While you were getting dressed you told me about spending time with your dad. I was glad to hear you were establishing a relationship with him. You were also going to take a class in the spring to get back on track with school. You were looking at the future and making plans. It was so nice to see. I told you how happy I was and how proud. I know what a rough road you'd traveled. I'd been on some of the same ones. I was always glad to be your touchstone or sounding board when you needed me. We finally made our way to the party. People couldn't believe I got you out of the house.
You may have gone because I made you, but you had a ball at the party. The house and yard were packed. Students were running around in costumes that were interesting to say the least. The pregnant teenager costume complete with "Baby Daddy" fueled your snark all night. It was the first lacrosse party Joe and I attended as a couple officially, so there were questions and comments constantly. You kept telling everyone that you knew it would happen all along. You also walked up while I was talking to different people all night to tell them that I tried to have you killed the first time you met me. You'd then walk away to leave me to explain. You were in full effect that night.

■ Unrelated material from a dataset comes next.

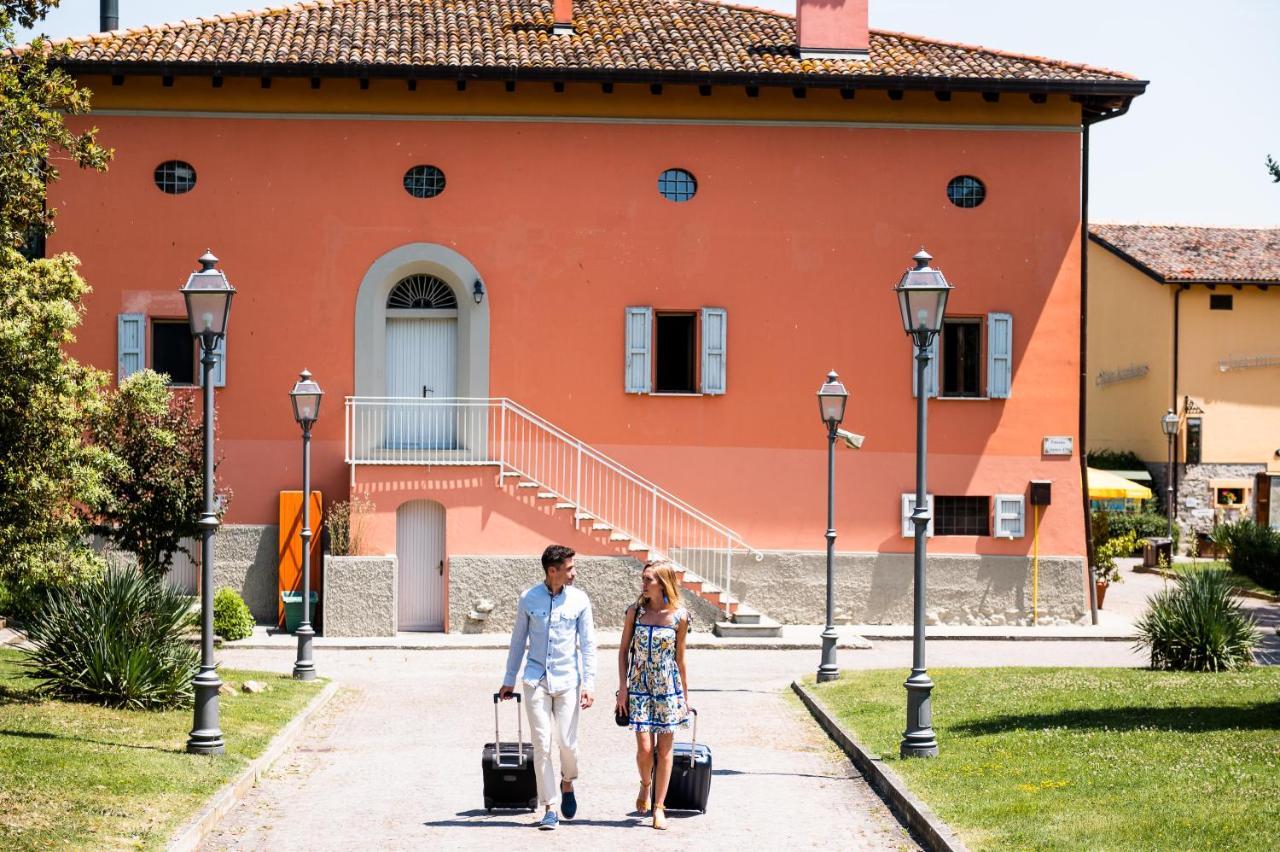 Villaggio Della Salute Piu Monterenzio Kültér fotó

Claiming you were an old man, you left the party a bit earlier than the rest of us. You said I couldn't bitch because if it had been anyone else you'd have never left your apartment that night. You'd follow me anywhere. I gave you a big hug, lingering to tell you how proud of you I was and I love you. You were grinning as you walked up the hill, threw up your hand to say goodbye and walked into the night. What I didn't know is you were also walking out of my life. Just like that.
We never know when the last time we'll see somebody. I'd never have guessed that would be the last time I'd see you, and once the confusion, pain and shock settled, I could not have asked for a more perfect goodbye. There was no sadness. I was going to see you the next day. We'd had such a great conversation getting ready for the party. You were more positive than I'd seen you in years, and you said you were really feeling better, like things were turning around. You had so much fun at that party -- laughing, smiling, flirting, snarking -- you at your most Mitch. I can look back at that night and smile because I remember the happy, hopeful Mitch. I can smile because the last thing I ever said to you was "I love you."

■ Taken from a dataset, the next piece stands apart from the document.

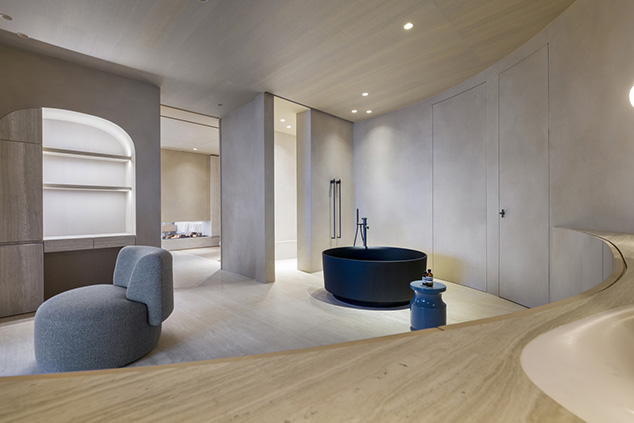 Biệt thự Echo Villa Đài Loan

Nothing has been the same since that night. The next 24 hours were like a living nightmare. I had to call your best friend to tell him you were gone. He still freaks out when I call him, even about nothing. My voice brought one of his greatest losses into his life. I called every person anyone could think of that needed to know you were gone. The last person I told was Lindsay, and when I got off the phone, I went into the living room and cried because I was finished with the list and I didn't want to make anyone else cry.
We drove to Ohio for your funeral. Your mom and grandparents were so sweet. It wasn't very "Mitch," so we celebrated your life a bit more appropriately at a casino in Wheeling, WV, on the way home. As Ethan sat with an entire row of machines lit up and maxed out, I stared in disbelief. He just looked and pointed up and yelled, "Thanks, Skeet!"

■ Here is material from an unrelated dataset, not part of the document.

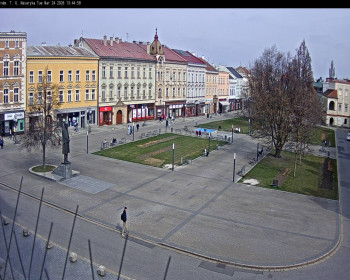 Město Prostějov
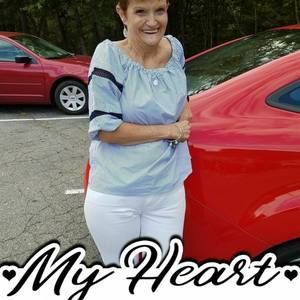 Meet your Posher, Tammy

I called my mom to make sure she knew what my final wishes would be. I know your parents were so confused and shocked. Losing you made all of us realize that we are very mortal and being young means nothing in the grand scheme of things.
We went back to Knoxville to really say goodbye. Ethan still had a key to your old apartment, so it wasn't technically breaking and entering. We met some of your neighbors who'd heard stories about us. I got your ice skates from one of them and sent them to Thomas. You'd have wanted him to have them. At the end of the night, Joe and Ethan climbed onto your roof and placed a forty and a can of dip where the three of you hung off the back side hiding from the cops. I kissed my hand and placed it on your door.
I can't believe it's been eight years. I had to write this to tell you I remember. I remember it all, and I still love you, Mitchy. Forever.